As of 2010 Bentonville had a population of 35,301. The racial and ethnic composition of the population was 77.0% non-Hispanic white, 2.4% non-Hispanic black, 1.2% Native American, 5.8% Asian Indian, 2.8% other Asian, 0.2% Pacific Islander, 3.9% from some other race and 2.5% from two or more races. 8.7% of the population was Hispanic or Latino of any race.[16]

As of the census[17] of 2000, there were 19,730 people, 7,458 households, and 5,265 families residing in the city. The city grew substantially in the 1990s; the 1990 population was 11,257 and the city is expected to reach 50,000 people by the year 2030. According to the US Census, Bentonville and surrounding communities in Benton County is second in growth for Arkansas and among the 100 fastest growing counties in the United States.[18]

The population density was 928.9 people per square mile (358.7/km²). There were 7,924 housing units at an average density of 373.1 per square mile (144.0/km²). The racial makeup of the city was 90.92% White, 0.88% Black or African American, 1.33% Native American, 2.40% Asian, 0.04% Pacific Islander, 2.68% from other races, and 1.76% from two or more races. 6.07% of the population were Hispanic or Latino of any race.

The 2005 Special Census reported 24,837 Whites/non-Hispanic whites (86.8%), 2,428 Hispanics of any race (8.5%), 1,135 Asians (4.0%), and 510 Blacks/African Americans 1.8%. Bentonville is home to a significant large Hispanic immigrant community, consisting of Mexicans and nationalities from Central America such as El Salvador and Honduras, came to find blue-collar jobs in the area's booming economy during the 1990s and 2000s.

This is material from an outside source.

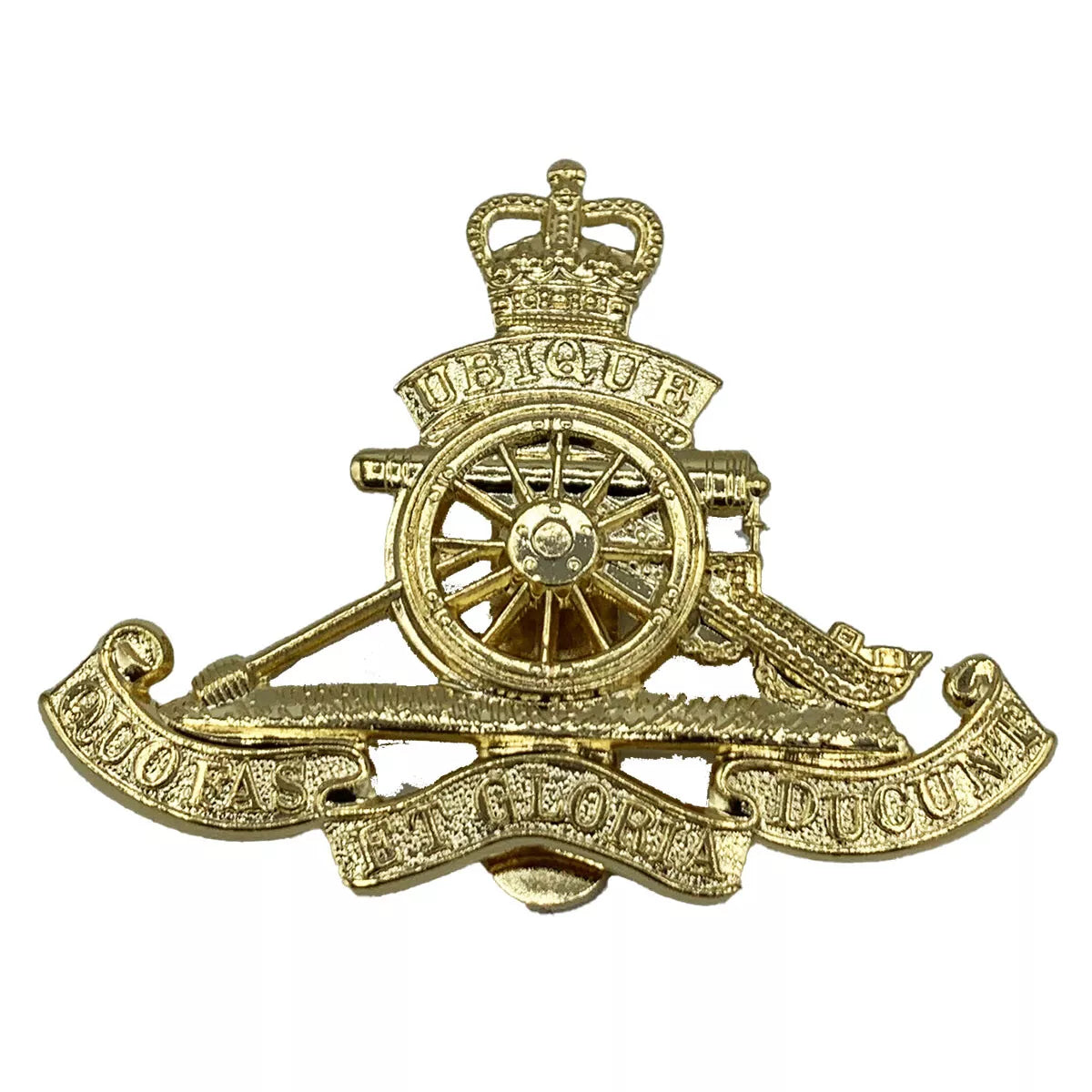 Royal Artillery Queens Crown Cap Badge - Small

There were 7,458 households out of which 40.1% had children under the age of 18 living with them, 55.6% were married couples living together, 11.9% had a female householder with no husband present, and 29.4% are classified as non-families by the United States Census Bureau. 24.4% of all households were made up of individuals and 6.7% had someone living alone who was 65 years of age or older. The average household size was 2.59 and the average family size was 3.11.

Bentonville is a popular real estate destination for senior citizens and families with young children for quite some time, due to relative affordability, lower crime rates for a city its size and a social conservative culture known in Northwest Arkansas. Bentonville and Benton County is said to have the most registered Republican voters of the state.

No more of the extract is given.